After such a pleasing win, Thursday felt like the opposite, a highly frustrating game in nearly all aspects (save maybe the bullpen! Having a dependable bullpen is fun!) While the four runs allowed are hardly terrible, John Danks’ 4.2 inning, four run performance was, as was his stuff. The onetime dependable workhorse struggled to hit the high 80s on his fastball with secondary stuff that had no one in the Cleveland lineup fooled by its second go-around. At this point, there is little reason to doubt this is what Danks is- basically, Eric Surkamp with $30 million owed the next two years.
Though Danks was bad, it was the offense that really caused for frustration. Despite being issued four free passes through six innings by Trevor Bauer (who really epitomizes the phrase “effectively wild), the White Sox continued to hack at pitches out of the zone, allowing him to escape relatively unscathed. But though their failure to capitalize on Bauer’s wildness was frustrating, it was the ninth inning that was truly maddening. Down 4-2 facing closer Cody Allen, Emilio Bonifacio and Micah Johnson reached base by way of walk and hit by pitch, respectively, as Allen showed no ability whatsoever to get the ball over the plate. Despite this, Robin Ventura called for Adam Eaton to bunt, a statistically bad decision that turned inexplicable by the 2-2 pitch, which Eaton bunted foul for strike three. A masterful play by Cleveland SS Jose Ramirez and a bafflingly impatient strikeout by Jose Abreu followed, and the series was split.

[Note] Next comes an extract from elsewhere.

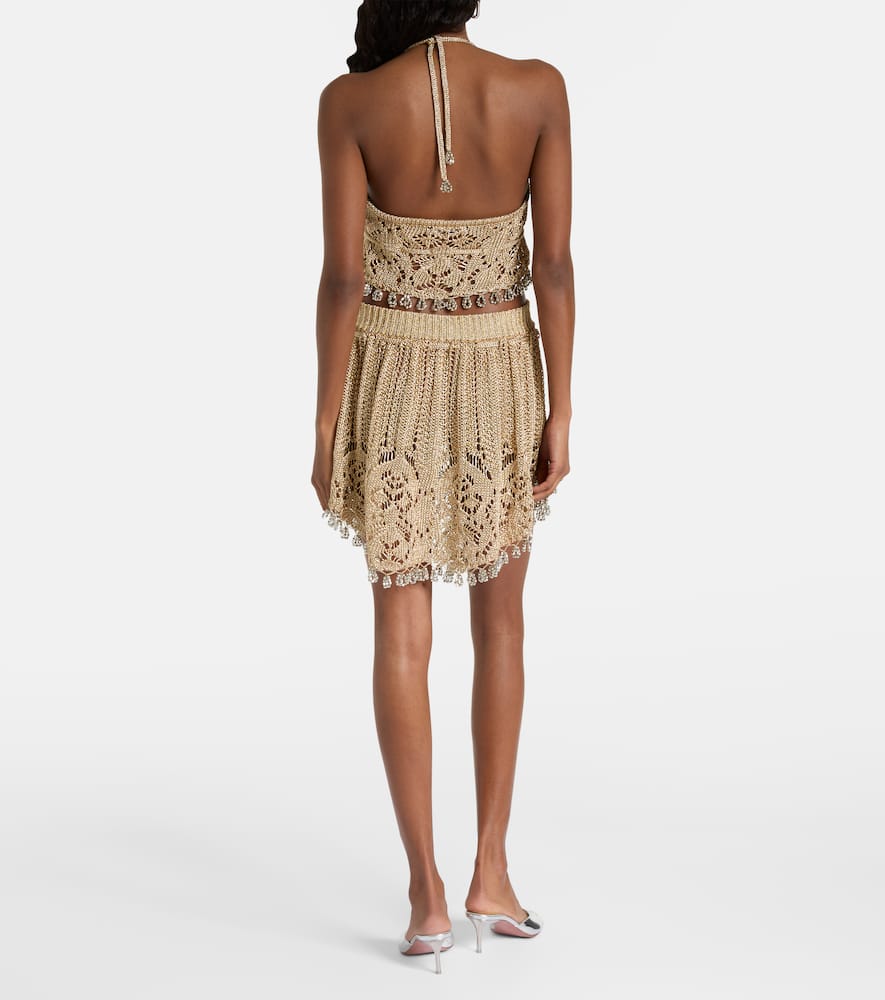 Crochet embellished lamé crop top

Of course, only so much can be drawn from two games, or even the eight games that have been played so far. Small sample sizes such as this generally cause over-analysis of specific plays, players who are slumping or streaking, and whatnot. Though some claims can be made relatively definitively (like, for example, that the bullpen is a heckuva lot better than it was last year, or that John Danks doesn’t belong in a major league rotation), most of what has gone on cannot be yet differentiated as signal from noise due to randomness.
The bigger issue at hand from these eight games is the gap that has already emerged between the top of the AL Central and the White Sox. The Tigers, considered by many the preseason favorites to win the division, now hold a 4.5 game lead on the Sox, a difference that could very possibly be a deciding factor come October. Even if one were to assume equal talent levels for the Tigers and White Sox, the probability of the Tigers winning the division becomes significantly higher given this early head start. Factor in that they are more talented, and the similarly hot start of the Kansas City Royals, and the White Sox’ playoff hopes already seem dimmer than they were on opening day.

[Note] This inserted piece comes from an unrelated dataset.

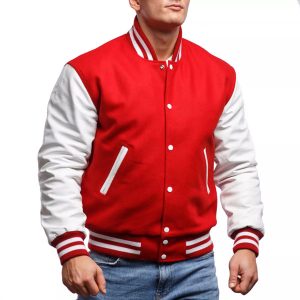 scarlet wool body white leather sleeves letterman jacket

This weekend’s series in Detroit thus becomes much more crucial than your average April series. A series sweep by Detroit would put the Sox behind by 7.5 games already; a Sox series sweep would close the gap to 1.5. The implications of these differences come September are massive.
Luckily for the Sox, they will have their big guns going this weekend. As of Wednesday night, the Sox have announced Jeff Samardzija and Chris Sale will get the first two games, with the third starter yet to be announced but presumably being Quintana. The Tigers will counter with David Price followed by (judging by how they’ve lined up their rotation thus far) Kyle Lobstein and Anibal Sanchez.
Looking past Detroit, the Sox will continue with their April tour of the AL Central with a homestand against Cleveland and Kansas City before a trip to Baltimore, finishing a stretch of five straight series (and six of seven to start the year) against opponents who won at least 85 ballgames in 2014. They then conclude April with a series in Minnesota, at which point we will probably have a decent idea of the White Sox’s contention hopes for 2015.